• **Task brief**
Transcribe word for word the section of the records below that opens with the line containing "URBX Graphic Performance" and closes with the line containing "Pampas Grass Stem"; drop every picture.

• **Listed entries**

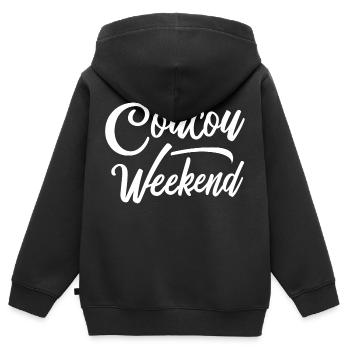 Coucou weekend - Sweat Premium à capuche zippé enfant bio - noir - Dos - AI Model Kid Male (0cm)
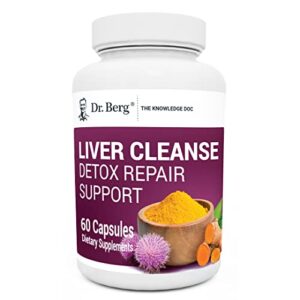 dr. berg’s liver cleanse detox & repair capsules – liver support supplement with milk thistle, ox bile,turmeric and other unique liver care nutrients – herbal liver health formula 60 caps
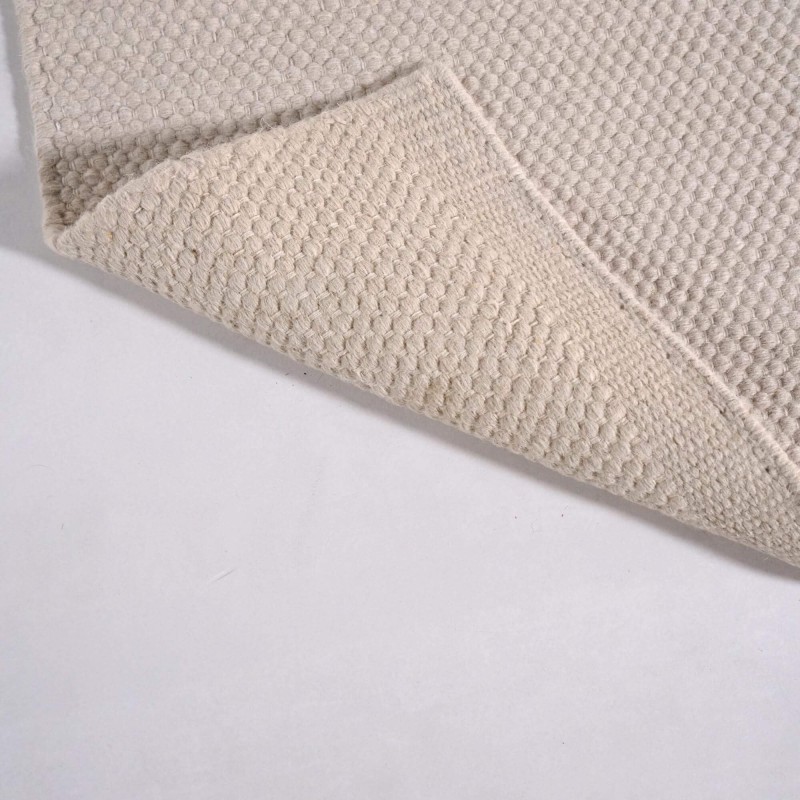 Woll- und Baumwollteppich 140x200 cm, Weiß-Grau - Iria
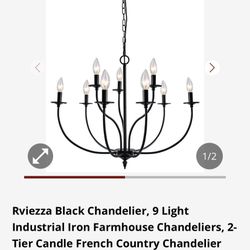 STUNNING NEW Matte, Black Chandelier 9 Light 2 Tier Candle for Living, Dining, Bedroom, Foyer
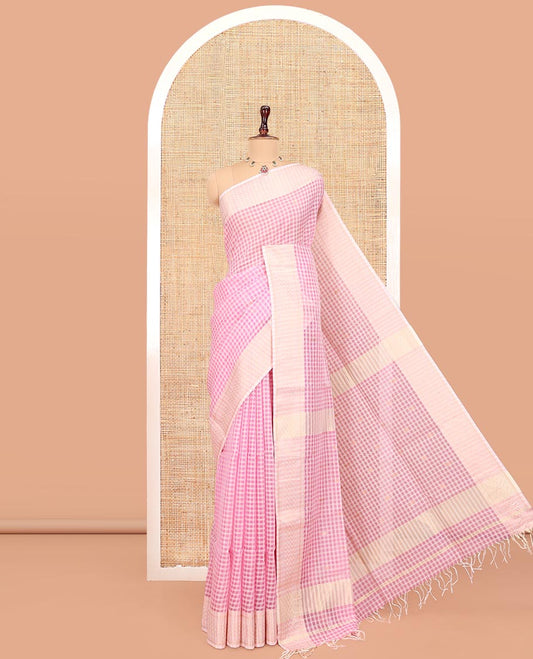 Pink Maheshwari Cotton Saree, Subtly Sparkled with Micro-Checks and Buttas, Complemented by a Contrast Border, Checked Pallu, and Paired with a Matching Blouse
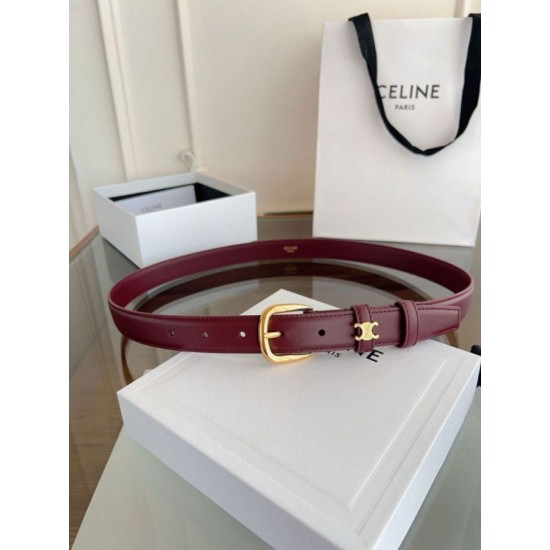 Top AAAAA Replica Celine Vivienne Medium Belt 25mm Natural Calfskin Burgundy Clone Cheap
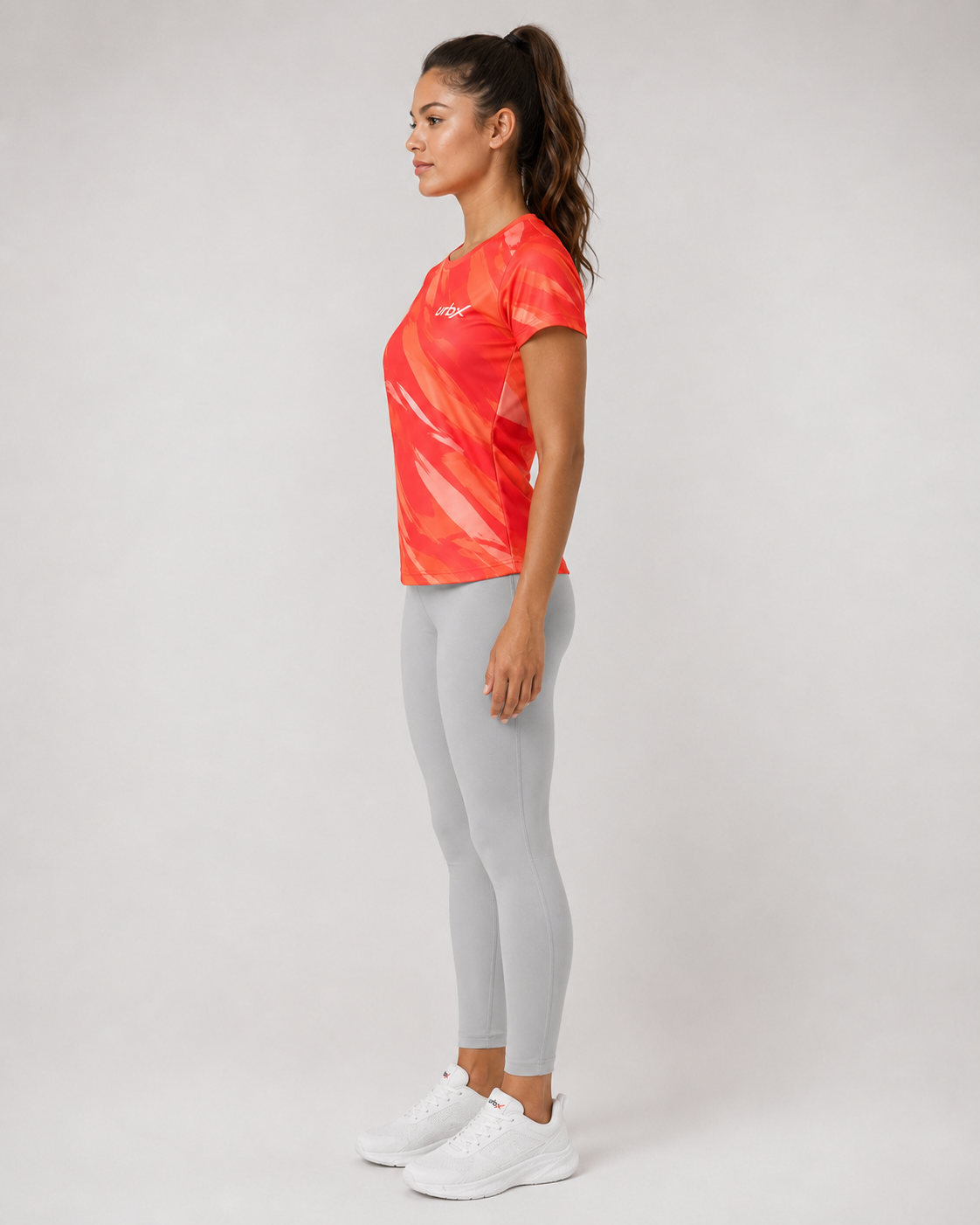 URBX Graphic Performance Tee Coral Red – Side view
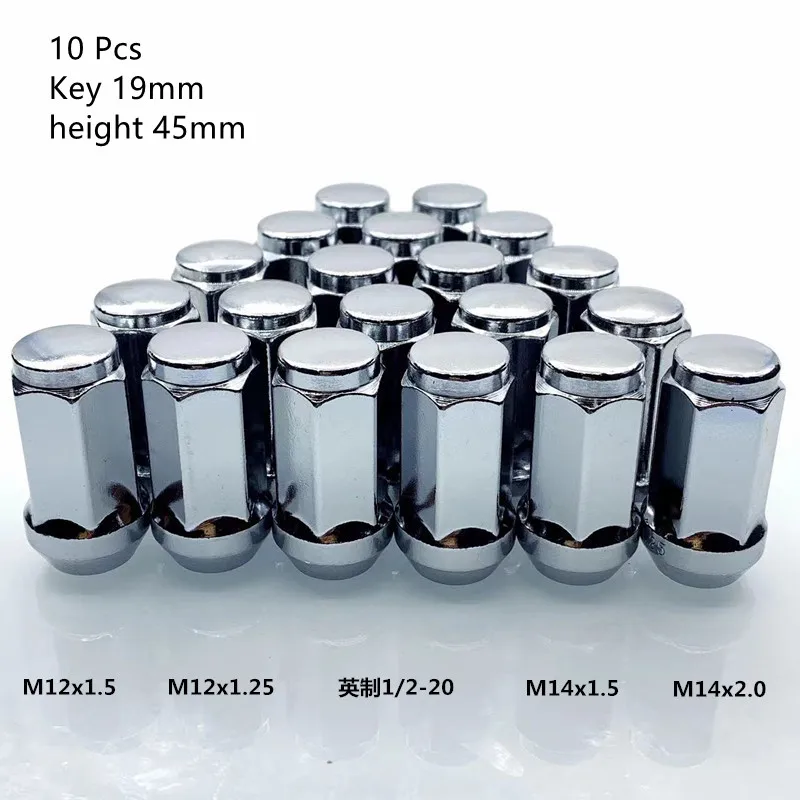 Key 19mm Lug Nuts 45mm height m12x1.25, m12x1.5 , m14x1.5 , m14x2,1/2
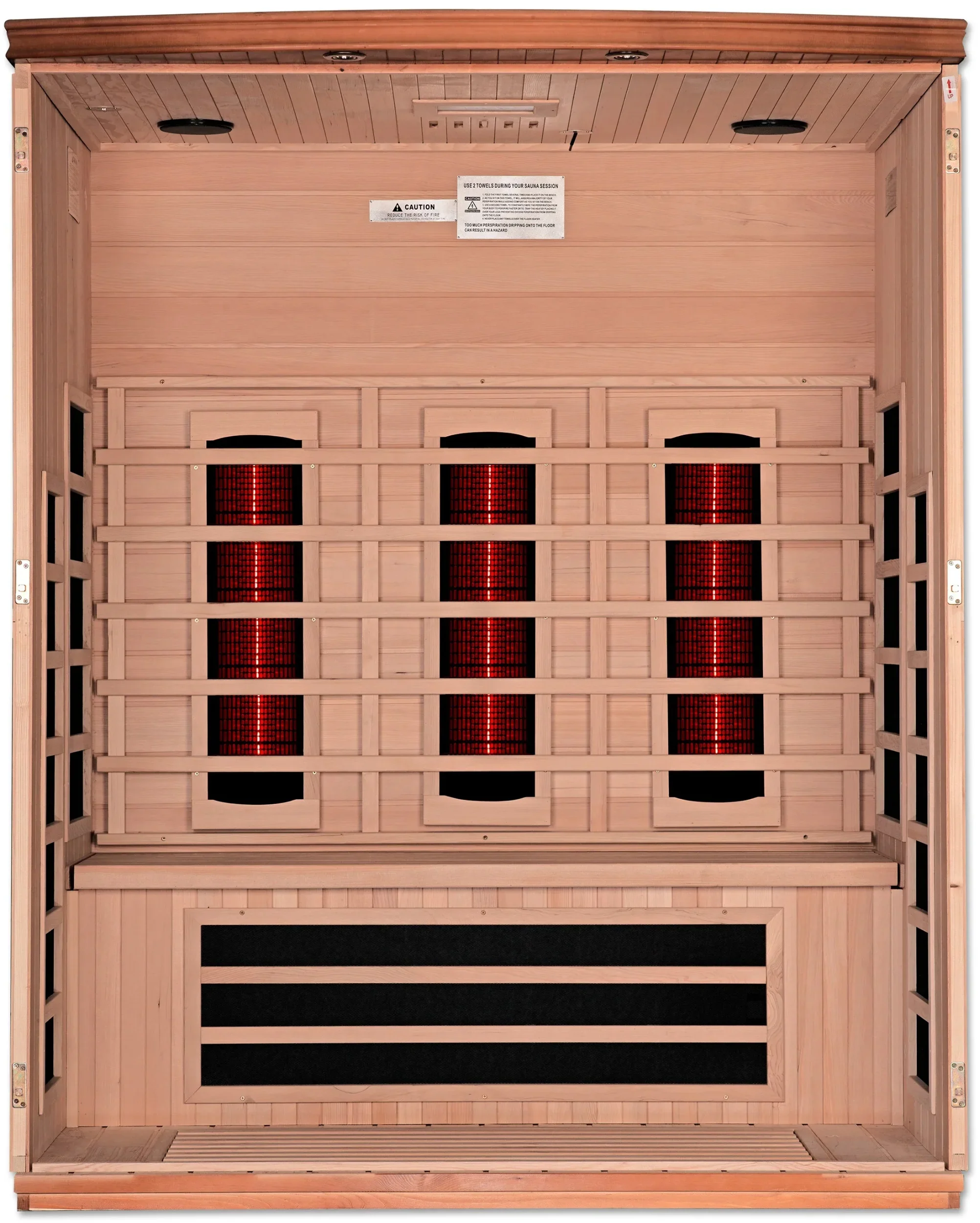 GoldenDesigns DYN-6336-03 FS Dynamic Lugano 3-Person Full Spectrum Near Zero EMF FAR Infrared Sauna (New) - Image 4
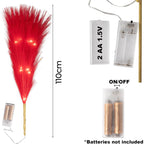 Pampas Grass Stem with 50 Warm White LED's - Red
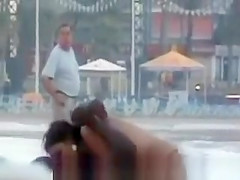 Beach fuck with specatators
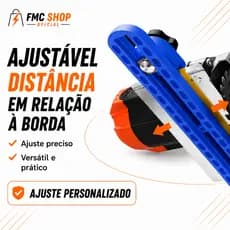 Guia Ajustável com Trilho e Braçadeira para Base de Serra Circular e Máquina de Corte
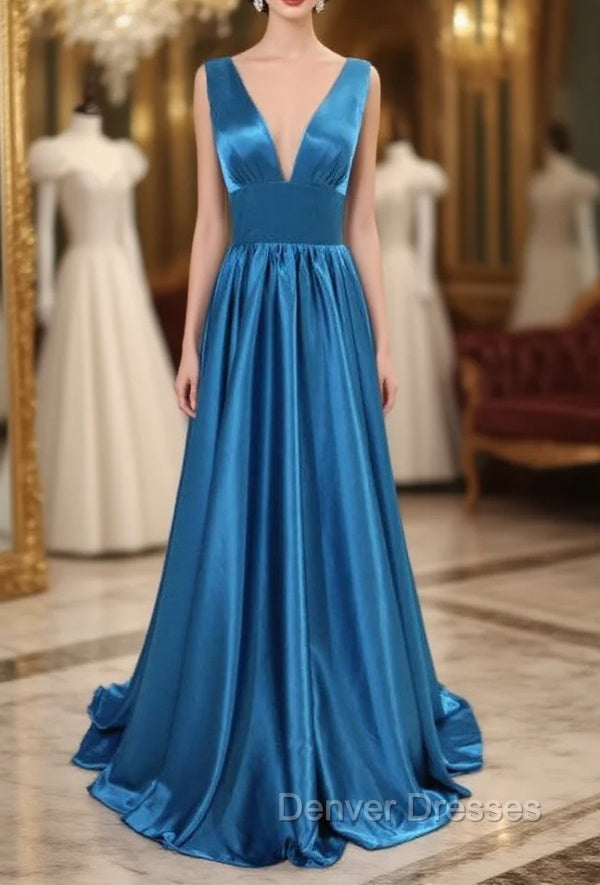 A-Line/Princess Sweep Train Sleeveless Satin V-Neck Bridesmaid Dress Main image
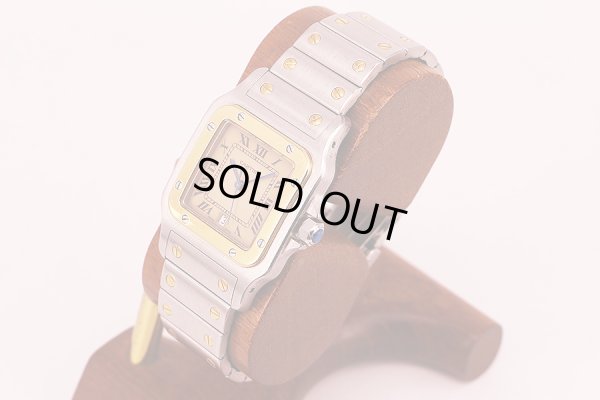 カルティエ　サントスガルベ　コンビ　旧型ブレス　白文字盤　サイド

• **Output of the exercise**
 URBX Graphic Performance Tee Coral Red – Side view
 Key 19mm Lug Nuts 45mm height m12x1.25, m12x1.5 , m14x1.5 , m14x2,1/2
 GoldenDesigns DYN-6336-03 FS Dynamic Lugano 3-Person Full Spectrum Near Zero EMF FAR Infrared Sauna (New) - Image 4
 Pampas Grass Stem with 50 Warm White LED's - Red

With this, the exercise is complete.